Mechanical properties of tissue formed in vivo are affected by 3D-bioplotted scaffold microarchitecture and correlate with ECM collagen fiber alignment

• Published in: Connective tissue research Vol. 61; no. 2; pp. 190 - 204
• Main Authors: Huebner, Pedro, Warren, Paul B., Chester, Daniel, Spang, Jeffrey T., Brown, Ashley C., Fisher, Matthew B., Shirwaiker, Rohan A.
• Format: Journal Article
• Language: English
• Published: England Taylor & Francis 03.03.2020
• Subjects: 3D printing; atomic force microscopy; elastic modulus; tissue engineering; tissue scaffolds; tissue engineering; atomic force microscopy; elastic modulus; 3D printing; tissue scaffolds
• ISSN: 0300-8207; 1607-8438; 1607-8438
• DOI: 10.1080/03008207.2019.1624733

Purpose: Musculoskeletal soft tissues possess highly aligned extracellular collagenous networks that provide structure and strength. Such an organization dictates tissue-specific mechanical properties but can be difficult to replicate by engineered biological substitutes. Nanofibrous electrospun scaffolds have demonstrated the ability to control cell-secreted collagen alignment, but concerns exist regarding their scalability for larger and anatomically relevant applications.
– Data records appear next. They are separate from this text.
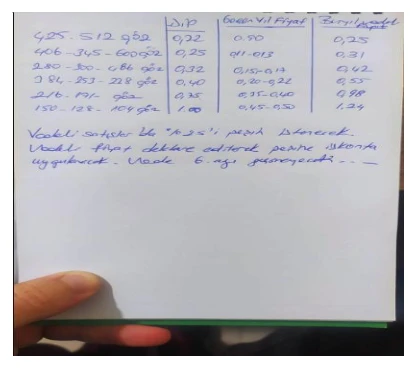 Karardaki grafik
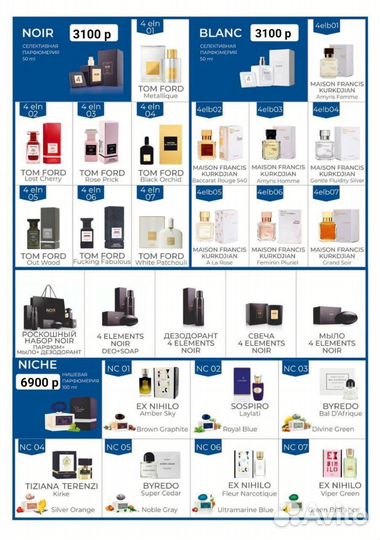 Духи от Чешской компании Essens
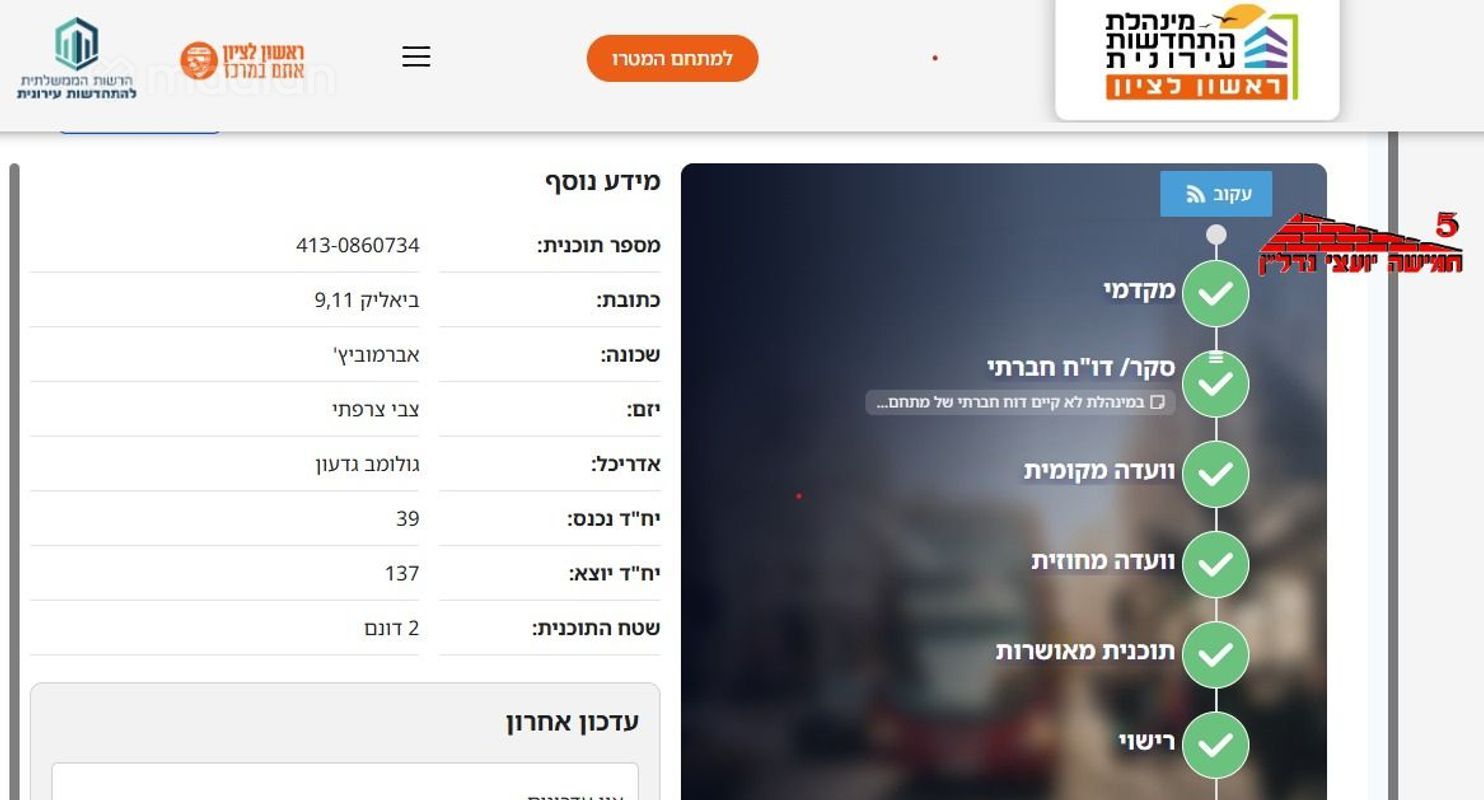 ביאליק , אברמוביץ, ראשון לציון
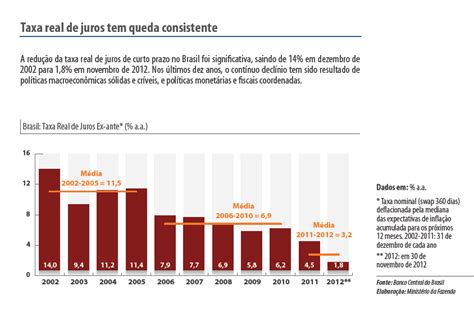 histórico do juro real no brasil de 2002 a 2012 taxa de juros história brasil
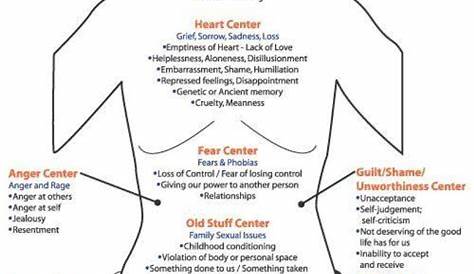 female emotional pain body chart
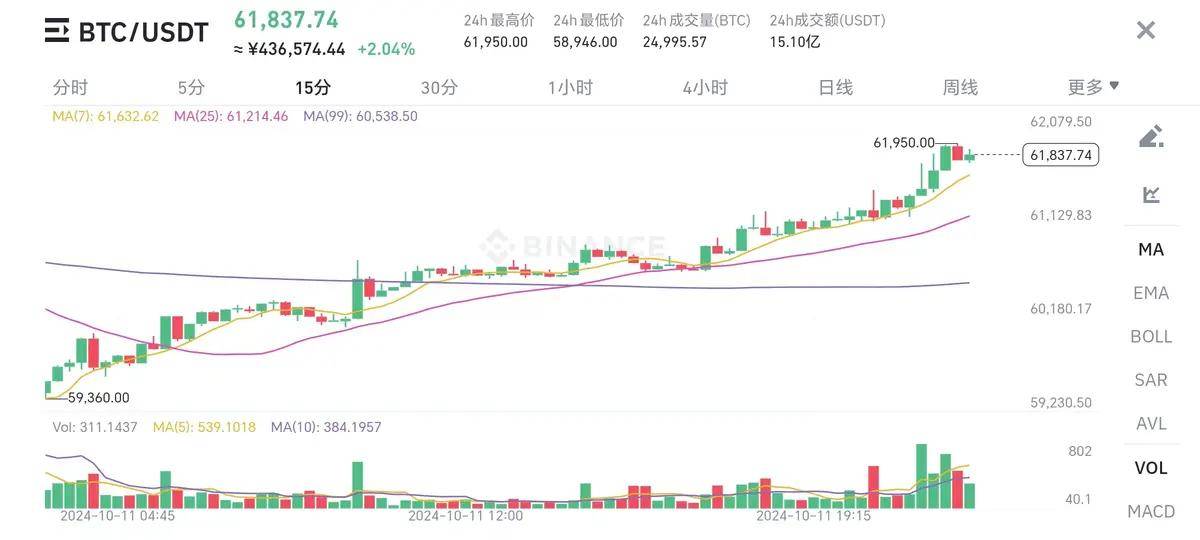 中美经济战争白热化,币圈处于一个尴尬期间,能否化险为夷!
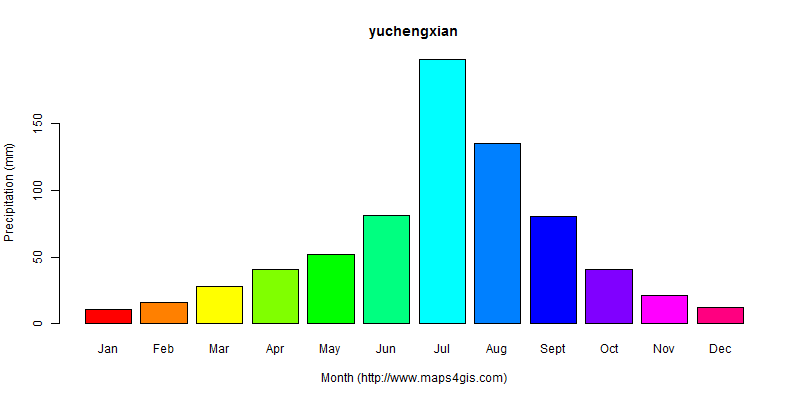 The annual total precipitation in yuchengxian atlas yuchengxian年降雨量图表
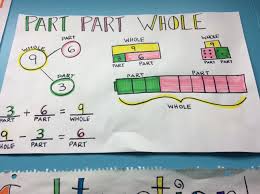 Anchor Charts Miss Miks 2nd Grade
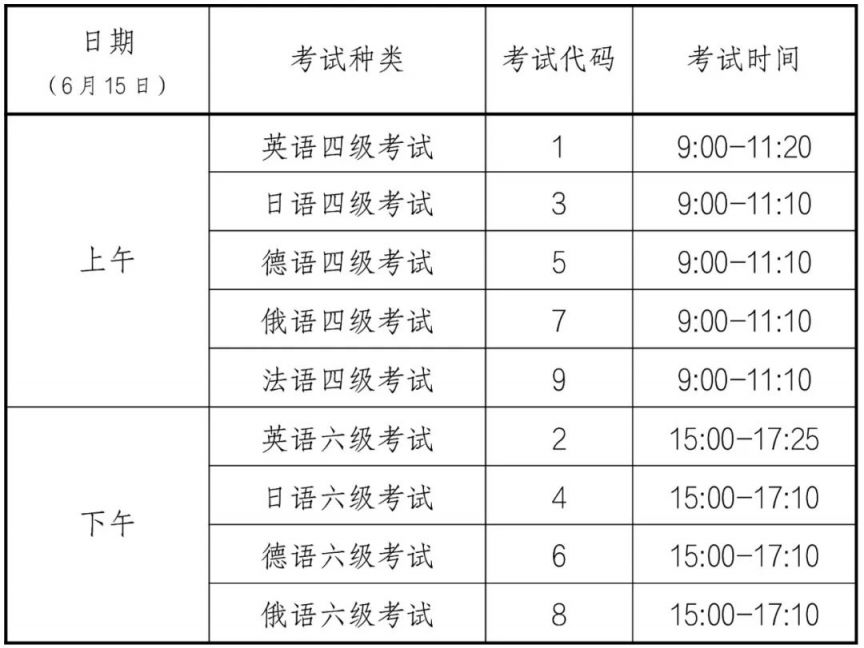 四川省2024年上半年全国大学英语四六级笔试温馨提示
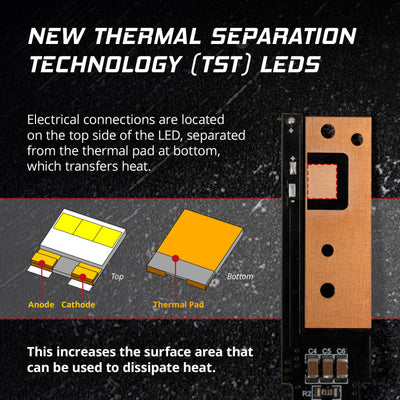 Diode Dynamics H7 White SL2 Pro LED Bulbs (Pair)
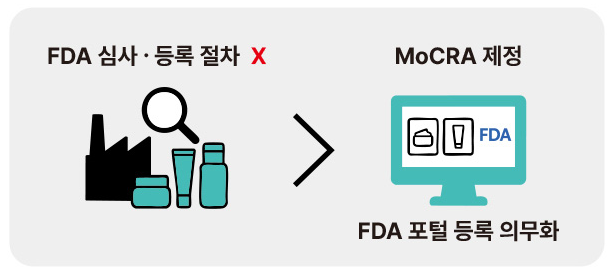 공장 아이콘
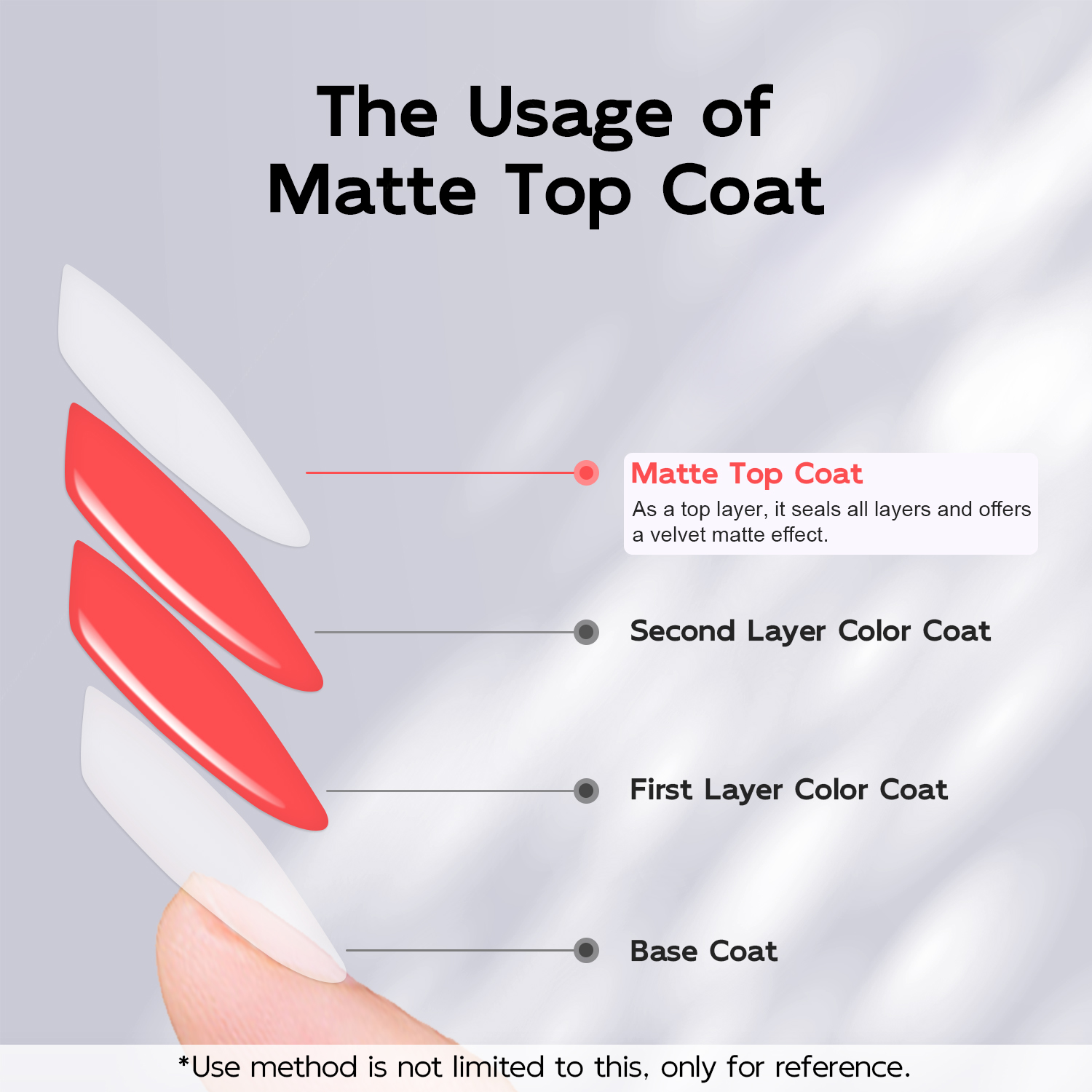 7ml No Wipe Matte Top Coat Soa – обзор и цена Gel Top Coat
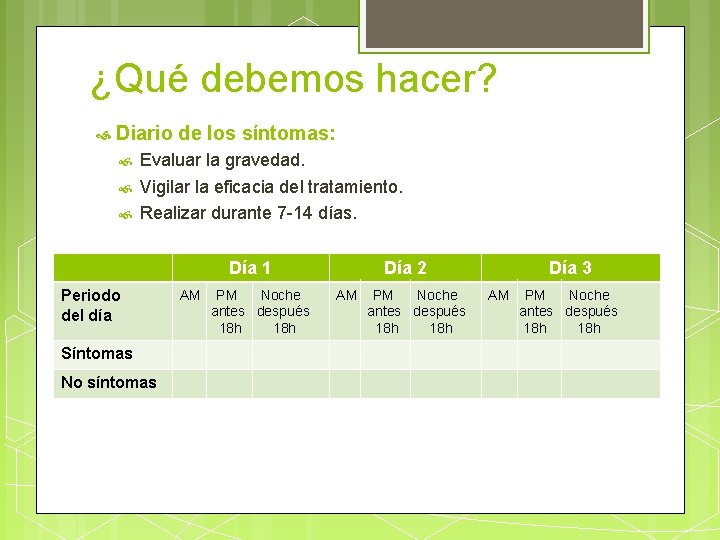 ¿Qué debemos hacer? Diario de los síntomas: Evaluar la gravedad. Vigilar la eficacia del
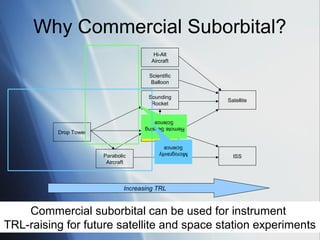 Why Commercial Suborbital?
                                         Hi-Alt
                                        Aircraft

                                       Scientific
                                        Balloon

                                       Sounding
                                                          Satellite
                                        Rocket


                                         Science
                                      Commercial
                                      Remote Sensing
          Drop Tower
                                       Suborbital
                                            Science
                                           Microgravity
                       Parabolic                            ISS
                        Aircraft



                               Increasing TRL


    Commercial suborbital can be used for instrument
TRL-raising for future satellite and space station experiments
 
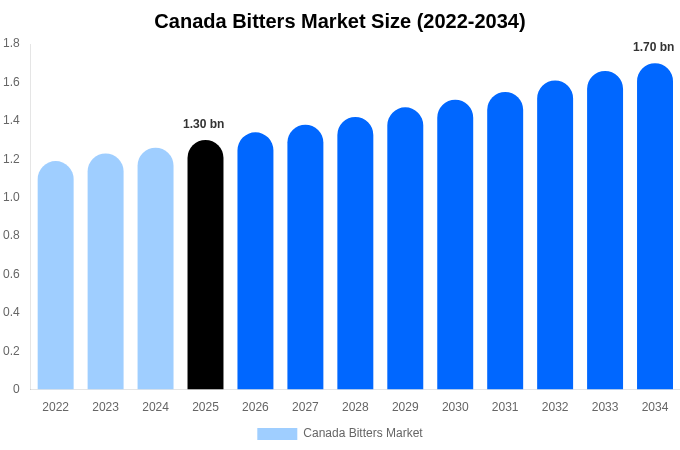 Canada Bitters Market Size, Share & Trends Report By 2034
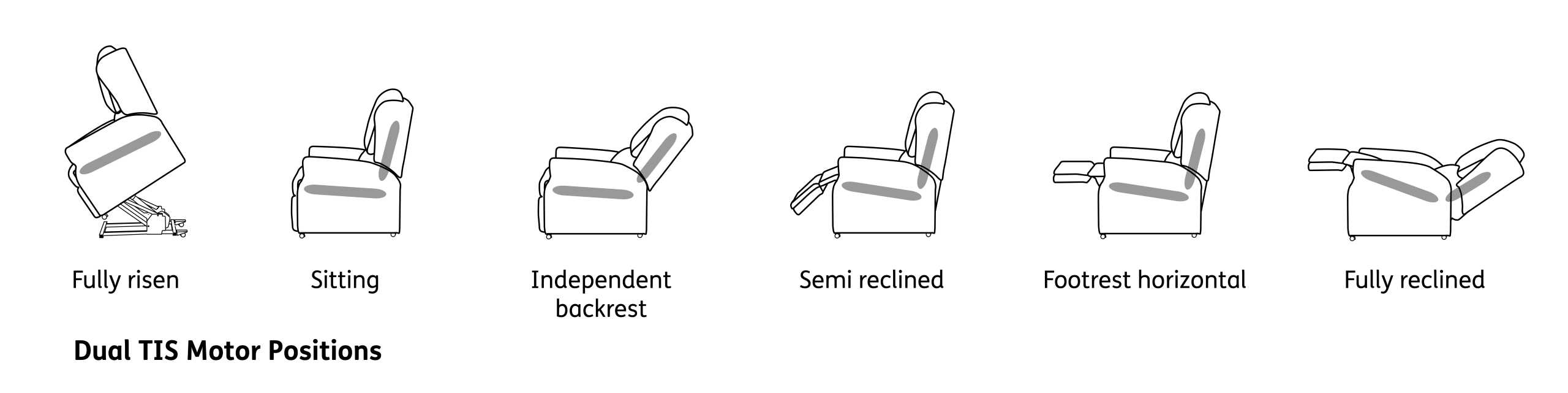 Dual TIS Motor Positions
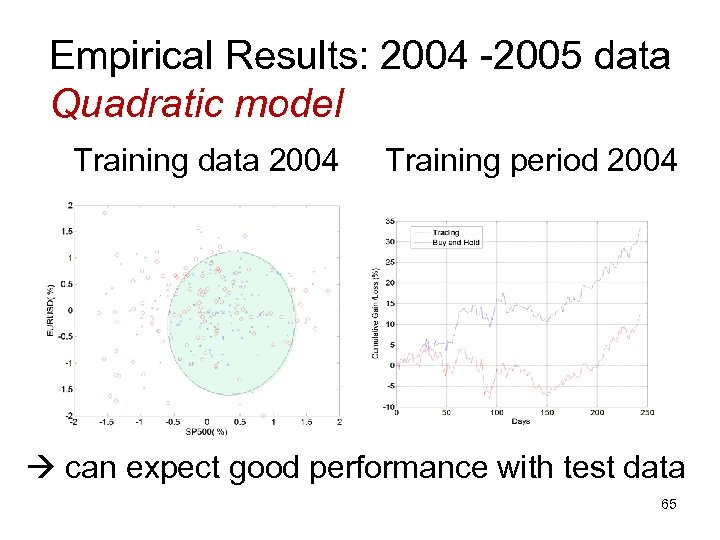 Empirical Results: 2004 -2005 data Quadratic model Training data 2004 Training period 2004 can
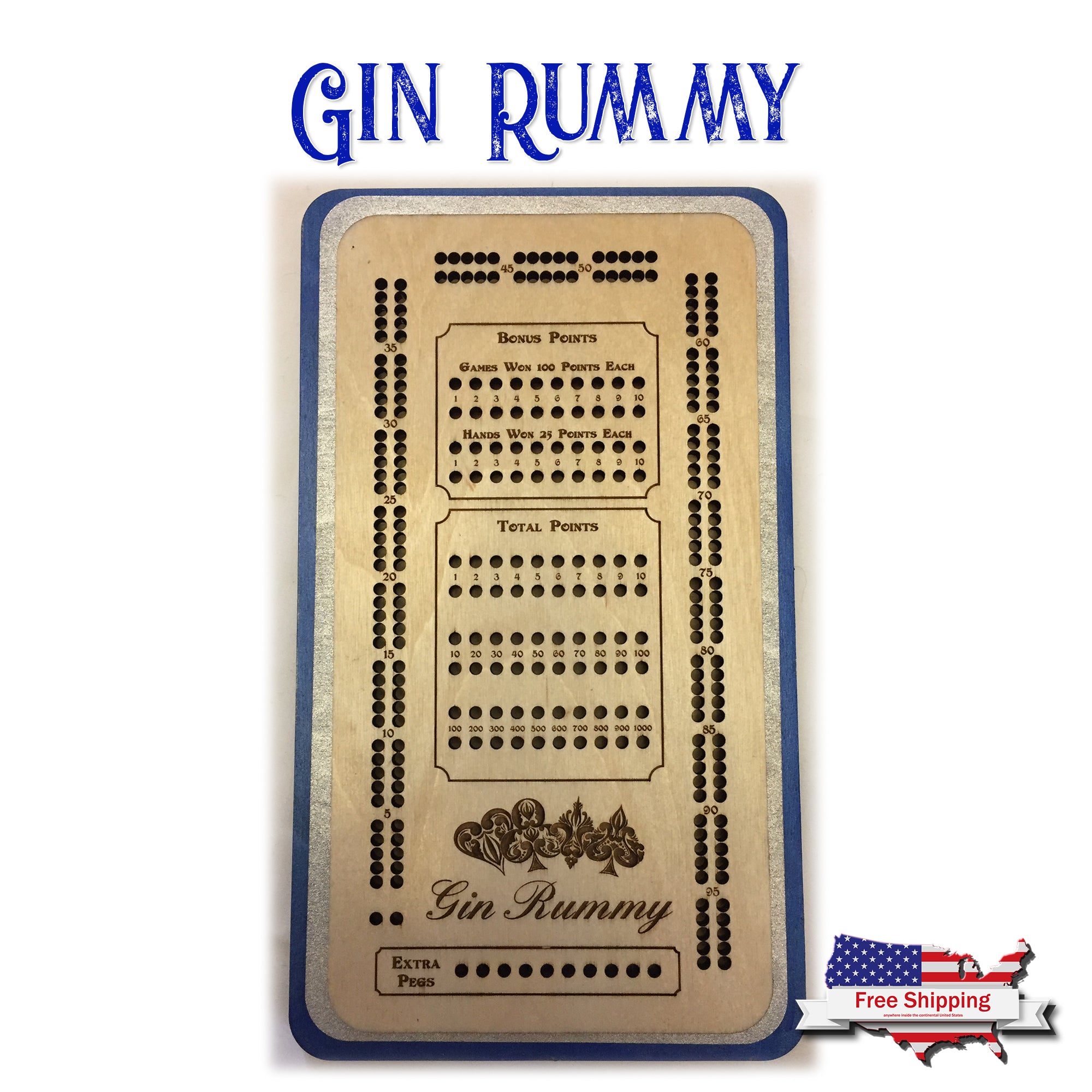 gin rummy rules scoring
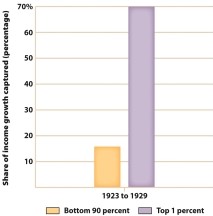 <strong>What conclusion does Figure 21.2, Income Inequality, 1923-1929, permit? </strong> A) The bottom 90 percent held only 15 percent of the nation's wealth. B) The top 1 percent held 15 percent of the nation's wealth. C) The middle class was earning only 15 percent of the nation's income. D) The richest 1 percent reaped most of the growth in income during the 1920s.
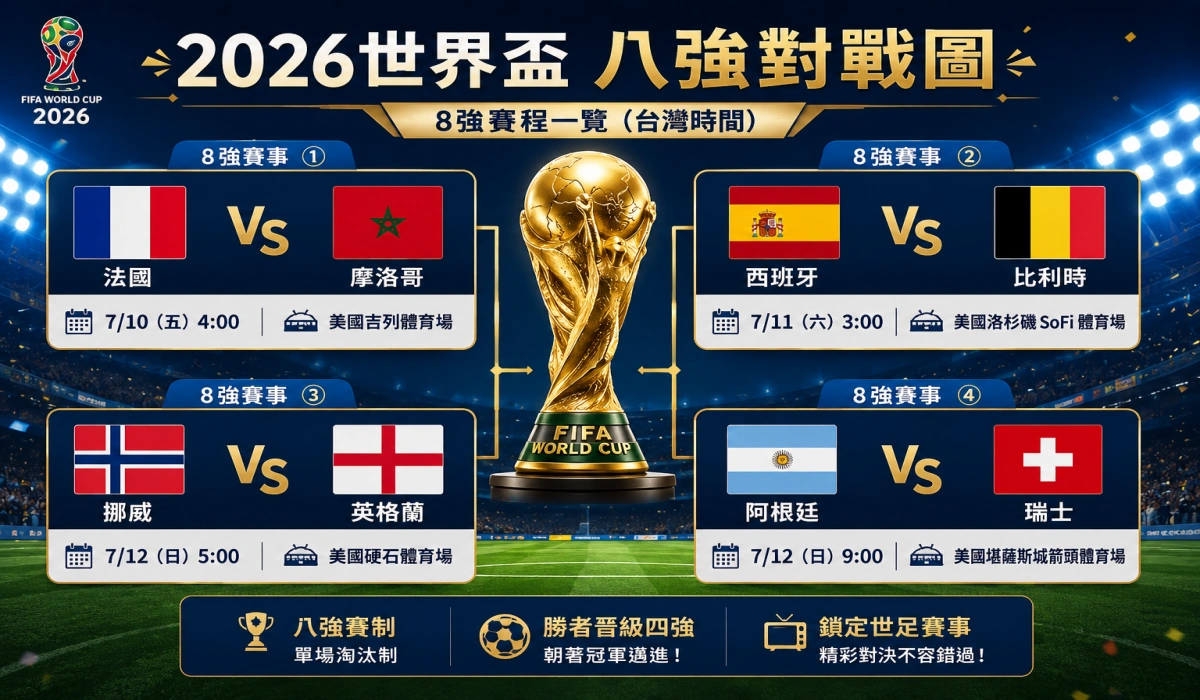 2026 世界盃 8 強出爐|賽程安排、焦點賽事、直播資訊懶人包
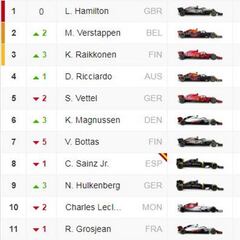 Clasificación del GP de Francia y así va el Mundial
Additive manufacturing processes, such as melt extrusion-based 3D-Bioplotting, allow fabrication of structurally relevant scaffolds featuring highly controllable porous microarchitectures. Materials and Methods: In this study, we investigate the effects of 3D-bioplotted scaffold design on the compressive elastic modulus of neotissue formed in vivo in a subcutaneous rat model and its correlation with the alignment of ECM collagen fibers. Polycaprolactone scaffolds featuring either 100 or 400 µm interstrand spacing were implanted for 4 or 12 weeks, harvested, cryosectioned, and characterized using atomic-force-microscopy-based force mapping. Results: The compressive elastic modulus of the neotissue formed within the 100 µm design was significantly higher at 4 weeks (p < 0.05), but no differences were observed at 12 weeks. In general, the tissue stiffness was within the same order of magnitude and range of values measured in native musculoskeletal soft tissues including the porcine meniscus and anterior cruciate ligament. Finally, a significant positive correlation was noted between tissue stiffness and the degree of ECM collagen fiber alignment (p < 0.05) resulting from contact guidance provided by scaffold strands. Conclusion: These findings demonstrate the significant effects of 3D-bioplotted scaffold microarchitectures in the organization and sub-tissue-level mechanical properties of ECM in vivo.